The findings in this study are consistent with previous observations (Table 2
). Strickberger and colleagues11 found no significant advantage with temperature monitoring during RFCA of AVRT in their prospective study of 132 patients. Kavesh and colleagues12 compared detailed electrophysiologic parameters and acute and long-term results of two groups of nonrandomized subjects who had undergone power-controlled or temperature-controlled RFCA of AVNRT. Although both methods gave equally excellent clinical results, temperature monitoring resulted in better elimination of dual atrioventricular pathway function: a subtle physiologic, albeit clinically inapparent, difference. The inability to demonstrate any incremental clinically meaningful benefit with temperature control may be due to the consistently excellent outcomes of RFCA, regardless of temperature monitoring. To determine conclusively whether there is a significant difference, a very large study population would be needed, which is beyond the scope of a single-center trial. In spite of this limitation, the prospective nature of this study is an advantage, and the accrued information may be combined with other published data in meta-analysis.

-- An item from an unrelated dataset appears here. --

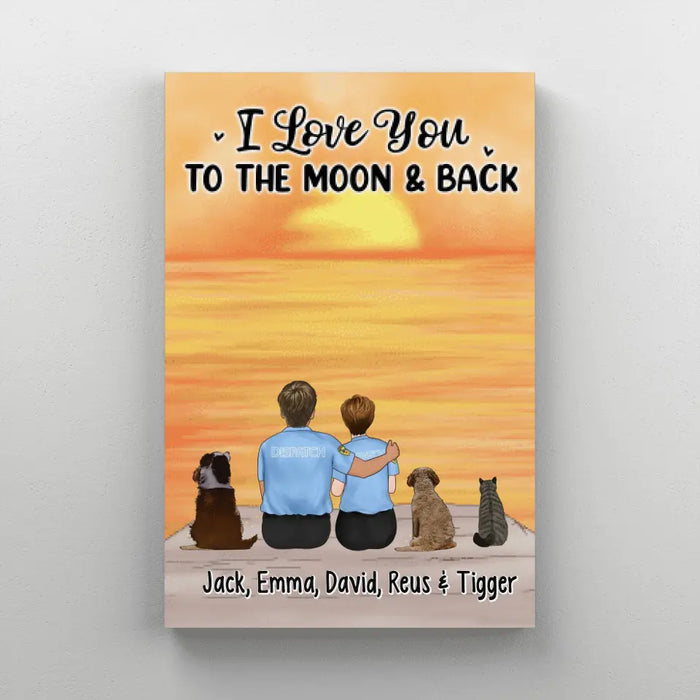 I Love You to the Moon and Back, Couple with Dog/Cat - Personalized Gifts Custom Canvas for Couples, Nurse Gifts, Police Officer Gifts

Although this study and other similar series have not demonstrated any significant clinical advantage of temperature control, this technique remains valuable. The ability to achieve the required temperature with relatively low power output implies good tissue contact, which is an important determinant of procedural success. On the other hand, a high and constant temperature reading with very low power output may indicate coagulum formation at the catheter tip. Whether a subtle difference in electrophysiologic parameters after temperature-controlled ablation, such as that detected by Kavesh and colleagues,12 will translate into better long-term clinical efficacy remains to be seen.